If the Olympics and all those artists blithely pimping the London 2012 brand are making you nauseous, head to Rob Tufnell's for a restorative dose of scholarly bah humbug. There you'll find a selection of works under the title 'Panem et Circenses'. Meaning 'bread and circuses' or 'bread and games', the expression was coined in the first century AD to describe politically motivated mass distractions of cheap food and entertainment. This show wants to remind us that it has just as much relevance in an age of £5 artisanal loaves and £9 billion sports days.
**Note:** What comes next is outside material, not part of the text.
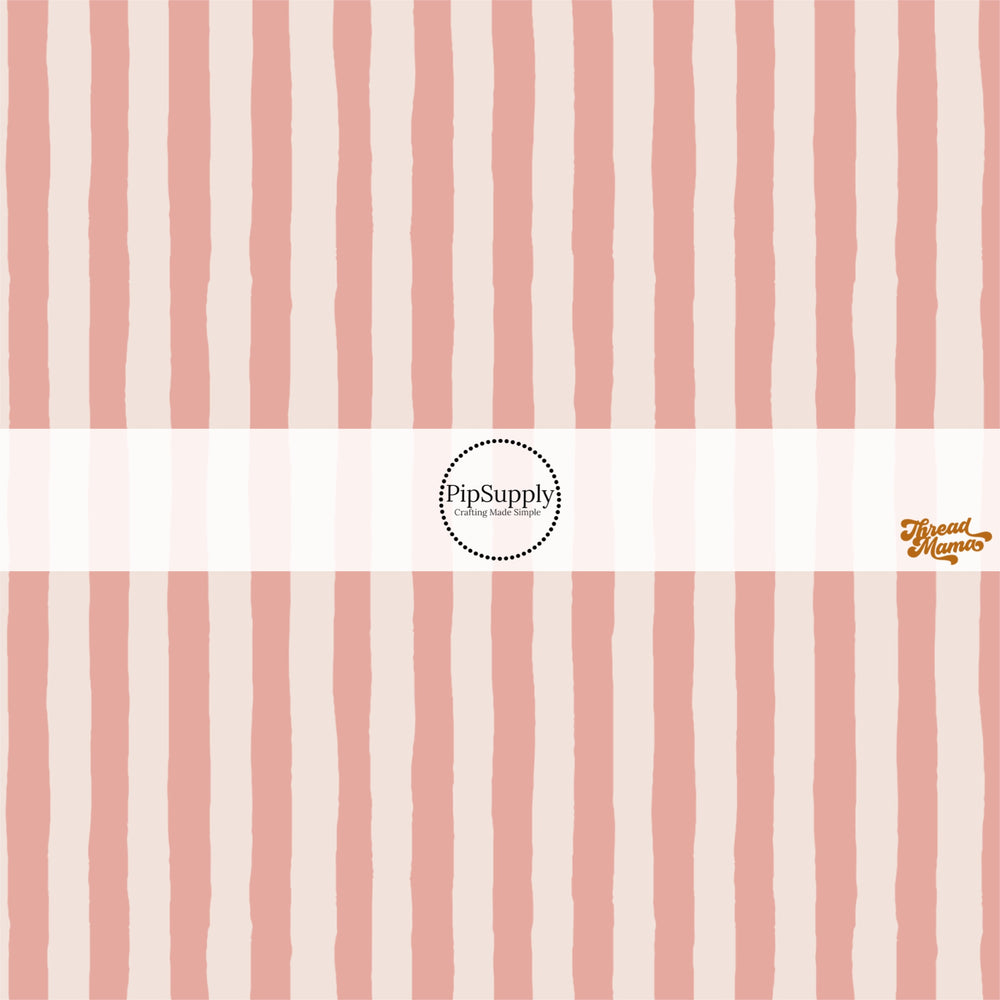 Dusty rose and cream distressed stripe bow strips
It moves from the seminal (Guy Debord's film 'The Society of the Spectacle' still captures the alienations of a commodified and media saturated world almost 40 years after it was made) to the sweetly pathetic (Richard Hughes's 2012 sculpture of a bike wheel, like a nicked Olympic ring, is impossibly locked round a baluster).
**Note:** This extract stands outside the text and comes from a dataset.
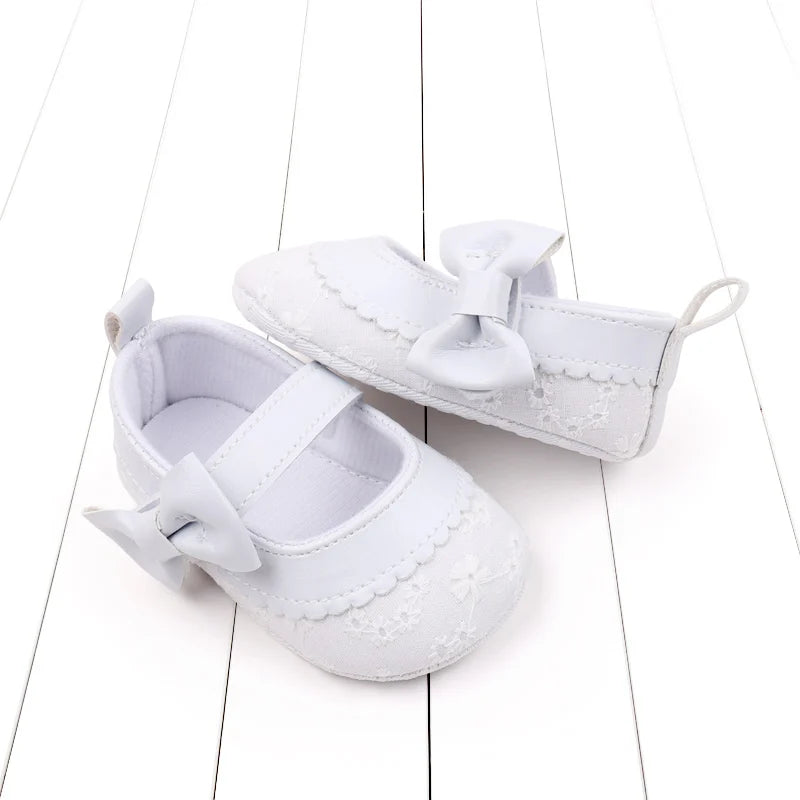 2025 Fashion Baby Shoes Soft Cotton and PU Newborn Toddler Prewalking Sneaker Cute Butterful Bow For 0-18M Baby Princess Shoes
Along the way, Ian Hamilton Finlay's 1997 screenprint 'For the Temples of the Greeks' – which links the modern and ancient worlds via classical orders and warfare – takes umbrage elegantly. Meanwhile, Michel Auder's 'The Games: Olympic Variations' (1984), reduces – or perhaps raises – footage of the Los Angeles Games to an onslaught of cropped and pixelated, high-performance
body parts.
While enjoying the entertainment on offer, you may wonder whether contemporary art, even the angry stuff, isn't just a symptom of the problem the exhibition identifies. A tone of wry humour suggests as much, given that the show comes with its own merchandise, including a natty book bag bearing a logo of crushed Olympic rings. It seems even cynics need souvenirs.